Berlin’in dış politikası genel olarak insan hakları ve demokrasiyi
önceleyen bir çizgide midir? Çin, Rusya, Suudi Arabistan, Mısır ve
ABD gibi ülkelere karşı da bu gerekçelerle medya ve siyasetçilerin
yoğun katılımlarıyla karalama kampanyaları yürütülüyor mu?
Almanya’nın kendi içerisinde insan hakları alanında yaşanan
sorunlar ne düzeydedir? Her yıl başta Müslümanlar olmak üzere,
yabancıları hedef alan binlerce saldırının önlenmesi konusunda
Alman makamları neden yeterince çaba sarf etmiyor?

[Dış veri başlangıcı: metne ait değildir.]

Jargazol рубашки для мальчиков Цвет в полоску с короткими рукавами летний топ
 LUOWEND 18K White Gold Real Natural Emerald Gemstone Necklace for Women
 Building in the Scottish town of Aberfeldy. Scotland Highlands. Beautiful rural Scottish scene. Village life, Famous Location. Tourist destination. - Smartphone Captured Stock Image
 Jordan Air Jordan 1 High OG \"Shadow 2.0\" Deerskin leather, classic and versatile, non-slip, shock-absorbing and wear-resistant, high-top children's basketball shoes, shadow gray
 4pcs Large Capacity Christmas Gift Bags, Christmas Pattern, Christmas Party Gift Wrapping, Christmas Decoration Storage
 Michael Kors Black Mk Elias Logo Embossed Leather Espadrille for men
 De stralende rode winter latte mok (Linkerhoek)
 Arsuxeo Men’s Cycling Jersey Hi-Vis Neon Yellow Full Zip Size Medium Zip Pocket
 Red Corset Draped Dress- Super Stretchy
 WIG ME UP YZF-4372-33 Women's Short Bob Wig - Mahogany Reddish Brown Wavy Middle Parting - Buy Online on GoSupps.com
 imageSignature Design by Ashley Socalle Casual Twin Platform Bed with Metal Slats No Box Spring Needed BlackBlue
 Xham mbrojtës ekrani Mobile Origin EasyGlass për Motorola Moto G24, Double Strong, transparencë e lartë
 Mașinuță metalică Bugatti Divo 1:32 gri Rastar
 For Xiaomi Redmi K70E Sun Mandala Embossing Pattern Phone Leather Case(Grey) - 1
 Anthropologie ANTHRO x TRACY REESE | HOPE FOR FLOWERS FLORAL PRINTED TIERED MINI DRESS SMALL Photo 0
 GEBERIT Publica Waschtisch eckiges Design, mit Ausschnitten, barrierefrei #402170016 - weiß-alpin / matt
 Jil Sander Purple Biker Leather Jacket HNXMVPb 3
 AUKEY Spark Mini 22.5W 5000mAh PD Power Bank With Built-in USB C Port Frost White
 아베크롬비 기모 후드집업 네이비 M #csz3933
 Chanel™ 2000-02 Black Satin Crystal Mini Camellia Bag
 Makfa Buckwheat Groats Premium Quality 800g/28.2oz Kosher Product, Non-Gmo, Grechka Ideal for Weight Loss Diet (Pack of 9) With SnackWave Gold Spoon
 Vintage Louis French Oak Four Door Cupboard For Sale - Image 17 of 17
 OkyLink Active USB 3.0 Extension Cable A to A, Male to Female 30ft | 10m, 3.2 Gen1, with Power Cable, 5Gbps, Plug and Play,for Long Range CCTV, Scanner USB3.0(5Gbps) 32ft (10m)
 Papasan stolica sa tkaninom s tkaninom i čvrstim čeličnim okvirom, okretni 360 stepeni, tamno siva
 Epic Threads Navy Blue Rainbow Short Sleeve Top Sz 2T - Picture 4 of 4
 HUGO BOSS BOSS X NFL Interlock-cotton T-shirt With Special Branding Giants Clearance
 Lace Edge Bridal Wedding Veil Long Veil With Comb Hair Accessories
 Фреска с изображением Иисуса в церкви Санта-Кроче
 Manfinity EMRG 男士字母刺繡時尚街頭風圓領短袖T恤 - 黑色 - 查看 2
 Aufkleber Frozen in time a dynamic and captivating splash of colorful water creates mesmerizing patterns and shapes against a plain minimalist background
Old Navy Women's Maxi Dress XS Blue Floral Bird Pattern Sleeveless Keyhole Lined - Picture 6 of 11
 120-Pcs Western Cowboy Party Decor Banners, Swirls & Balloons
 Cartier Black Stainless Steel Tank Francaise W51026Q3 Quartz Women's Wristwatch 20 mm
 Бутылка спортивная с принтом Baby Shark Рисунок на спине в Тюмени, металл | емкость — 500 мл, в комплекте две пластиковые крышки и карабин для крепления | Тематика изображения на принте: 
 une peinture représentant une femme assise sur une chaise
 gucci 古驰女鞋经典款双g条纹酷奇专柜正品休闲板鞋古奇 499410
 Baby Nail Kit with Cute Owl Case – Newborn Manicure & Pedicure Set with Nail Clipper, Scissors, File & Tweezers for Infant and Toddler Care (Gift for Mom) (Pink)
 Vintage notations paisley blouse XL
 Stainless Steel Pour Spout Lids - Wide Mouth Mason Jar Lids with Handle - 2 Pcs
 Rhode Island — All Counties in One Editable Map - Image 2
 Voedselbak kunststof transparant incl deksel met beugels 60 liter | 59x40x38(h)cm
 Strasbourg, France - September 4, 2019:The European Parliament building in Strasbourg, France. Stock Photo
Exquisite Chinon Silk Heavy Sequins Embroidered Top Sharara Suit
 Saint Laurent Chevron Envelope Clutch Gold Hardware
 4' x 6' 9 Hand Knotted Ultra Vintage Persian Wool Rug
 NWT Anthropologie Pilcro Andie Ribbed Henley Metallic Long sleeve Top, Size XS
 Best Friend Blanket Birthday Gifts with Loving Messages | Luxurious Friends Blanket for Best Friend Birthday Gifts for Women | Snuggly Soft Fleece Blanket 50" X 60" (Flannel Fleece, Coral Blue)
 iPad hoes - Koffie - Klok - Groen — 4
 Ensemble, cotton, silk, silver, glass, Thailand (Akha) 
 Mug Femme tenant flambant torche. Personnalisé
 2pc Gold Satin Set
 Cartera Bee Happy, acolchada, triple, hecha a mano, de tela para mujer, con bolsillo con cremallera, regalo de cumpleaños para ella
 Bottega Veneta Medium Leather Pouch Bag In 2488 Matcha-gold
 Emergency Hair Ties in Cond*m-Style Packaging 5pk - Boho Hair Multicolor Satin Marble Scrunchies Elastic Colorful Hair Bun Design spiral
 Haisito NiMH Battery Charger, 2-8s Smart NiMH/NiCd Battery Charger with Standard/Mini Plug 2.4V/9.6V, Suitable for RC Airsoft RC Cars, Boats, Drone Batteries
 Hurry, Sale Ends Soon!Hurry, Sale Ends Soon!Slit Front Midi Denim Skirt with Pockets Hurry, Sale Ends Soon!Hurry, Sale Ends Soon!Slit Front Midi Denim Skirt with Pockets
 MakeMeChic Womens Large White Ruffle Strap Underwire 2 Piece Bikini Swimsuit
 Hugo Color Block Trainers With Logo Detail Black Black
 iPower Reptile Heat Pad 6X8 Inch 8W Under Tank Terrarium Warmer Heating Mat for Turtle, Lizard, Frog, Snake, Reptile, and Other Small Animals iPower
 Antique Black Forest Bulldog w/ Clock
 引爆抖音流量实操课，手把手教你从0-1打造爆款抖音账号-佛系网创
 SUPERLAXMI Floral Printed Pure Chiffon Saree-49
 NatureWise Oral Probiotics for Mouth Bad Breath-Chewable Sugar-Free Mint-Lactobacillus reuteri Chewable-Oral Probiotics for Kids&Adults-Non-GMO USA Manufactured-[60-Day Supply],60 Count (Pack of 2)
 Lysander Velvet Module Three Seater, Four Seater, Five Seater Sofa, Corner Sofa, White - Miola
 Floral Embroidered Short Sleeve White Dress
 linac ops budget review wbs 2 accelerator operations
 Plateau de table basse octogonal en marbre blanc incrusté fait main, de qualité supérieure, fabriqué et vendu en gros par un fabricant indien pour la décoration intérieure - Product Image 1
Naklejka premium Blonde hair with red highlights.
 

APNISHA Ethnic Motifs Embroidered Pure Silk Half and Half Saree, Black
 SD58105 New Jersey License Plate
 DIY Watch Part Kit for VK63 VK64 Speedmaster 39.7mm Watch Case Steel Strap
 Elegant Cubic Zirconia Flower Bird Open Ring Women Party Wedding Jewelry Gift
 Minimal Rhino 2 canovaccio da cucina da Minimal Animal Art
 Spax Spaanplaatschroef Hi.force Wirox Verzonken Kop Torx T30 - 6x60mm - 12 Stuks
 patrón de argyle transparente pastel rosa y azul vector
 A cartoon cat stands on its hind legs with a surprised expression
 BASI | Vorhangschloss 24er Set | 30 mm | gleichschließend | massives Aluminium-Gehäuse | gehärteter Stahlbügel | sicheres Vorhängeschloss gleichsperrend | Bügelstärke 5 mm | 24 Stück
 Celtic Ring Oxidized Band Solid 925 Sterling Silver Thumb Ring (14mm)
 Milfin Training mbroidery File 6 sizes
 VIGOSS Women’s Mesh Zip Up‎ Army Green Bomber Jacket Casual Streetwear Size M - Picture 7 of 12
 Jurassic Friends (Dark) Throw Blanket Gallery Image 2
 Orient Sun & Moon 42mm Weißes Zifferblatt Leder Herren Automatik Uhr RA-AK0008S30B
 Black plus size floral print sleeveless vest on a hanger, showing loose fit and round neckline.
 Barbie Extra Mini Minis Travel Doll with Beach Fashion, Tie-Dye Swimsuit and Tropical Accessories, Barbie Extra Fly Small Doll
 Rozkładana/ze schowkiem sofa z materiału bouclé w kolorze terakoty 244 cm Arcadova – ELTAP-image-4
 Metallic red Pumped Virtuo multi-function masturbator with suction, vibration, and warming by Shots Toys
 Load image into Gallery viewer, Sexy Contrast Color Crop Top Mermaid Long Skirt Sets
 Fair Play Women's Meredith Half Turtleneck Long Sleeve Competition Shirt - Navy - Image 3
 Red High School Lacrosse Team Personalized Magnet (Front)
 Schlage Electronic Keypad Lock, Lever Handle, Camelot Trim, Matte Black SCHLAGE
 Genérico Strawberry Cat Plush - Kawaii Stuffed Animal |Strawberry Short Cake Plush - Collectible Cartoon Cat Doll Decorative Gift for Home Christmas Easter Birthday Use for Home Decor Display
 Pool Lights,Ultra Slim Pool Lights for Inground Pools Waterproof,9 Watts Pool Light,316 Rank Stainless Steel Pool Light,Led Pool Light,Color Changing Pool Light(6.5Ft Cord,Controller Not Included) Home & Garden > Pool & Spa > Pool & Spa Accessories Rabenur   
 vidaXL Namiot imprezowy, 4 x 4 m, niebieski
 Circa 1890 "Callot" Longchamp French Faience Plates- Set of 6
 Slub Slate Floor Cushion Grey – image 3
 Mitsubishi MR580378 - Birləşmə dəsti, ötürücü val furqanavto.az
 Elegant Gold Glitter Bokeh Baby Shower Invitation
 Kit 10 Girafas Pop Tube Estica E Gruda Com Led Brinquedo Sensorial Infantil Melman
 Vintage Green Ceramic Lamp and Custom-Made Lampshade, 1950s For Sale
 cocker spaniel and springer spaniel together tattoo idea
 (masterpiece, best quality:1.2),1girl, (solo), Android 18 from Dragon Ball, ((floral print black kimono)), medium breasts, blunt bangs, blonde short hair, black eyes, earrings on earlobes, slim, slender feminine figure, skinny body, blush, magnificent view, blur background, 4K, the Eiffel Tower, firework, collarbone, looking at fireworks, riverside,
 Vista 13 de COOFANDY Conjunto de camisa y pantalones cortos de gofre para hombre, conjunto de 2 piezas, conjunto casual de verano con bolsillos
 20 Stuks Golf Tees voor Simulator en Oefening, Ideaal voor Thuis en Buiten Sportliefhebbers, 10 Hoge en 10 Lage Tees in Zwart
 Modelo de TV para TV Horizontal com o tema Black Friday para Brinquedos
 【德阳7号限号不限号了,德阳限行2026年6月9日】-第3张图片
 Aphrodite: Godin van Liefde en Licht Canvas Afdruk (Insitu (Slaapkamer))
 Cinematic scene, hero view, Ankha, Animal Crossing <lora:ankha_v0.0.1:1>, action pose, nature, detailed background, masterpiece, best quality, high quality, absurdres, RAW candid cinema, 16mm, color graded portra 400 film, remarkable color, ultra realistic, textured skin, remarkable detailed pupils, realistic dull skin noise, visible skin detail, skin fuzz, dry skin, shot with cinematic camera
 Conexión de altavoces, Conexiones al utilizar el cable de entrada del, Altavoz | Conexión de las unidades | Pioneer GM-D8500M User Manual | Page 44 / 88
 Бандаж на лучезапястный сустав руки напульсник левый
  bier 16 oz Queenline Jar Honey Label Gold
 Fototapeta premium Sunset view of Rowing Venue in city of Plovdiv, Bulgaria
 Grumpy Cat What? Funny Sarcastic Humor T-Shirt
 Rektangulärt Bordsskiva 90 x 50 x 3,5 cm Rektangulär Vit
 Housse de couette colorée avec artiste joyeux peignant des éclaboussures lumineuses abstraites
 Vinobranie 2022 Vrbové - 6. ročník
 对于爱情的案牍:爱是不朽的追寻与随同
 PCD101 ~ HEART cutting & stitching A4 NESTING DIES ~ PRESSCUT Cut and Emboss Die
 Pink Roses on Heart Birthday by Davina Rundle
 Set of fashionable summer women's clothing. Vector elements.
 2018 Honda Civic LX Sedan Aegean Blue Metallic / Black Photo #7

2016 yılında sadece sığınmacıları hedef alan 3 bin 533 saldırı
Alman polisince engellenemez miydi? Bu saldırılarda yaralanan 43’ü
çocuk 560 kişi insan haklarına sahip değil miydi? Bu ırkçı
saldırıları engellemekten aciz bir ülkenin başka ülkelere insan
hakları dersi vermesi ne kadar meşru?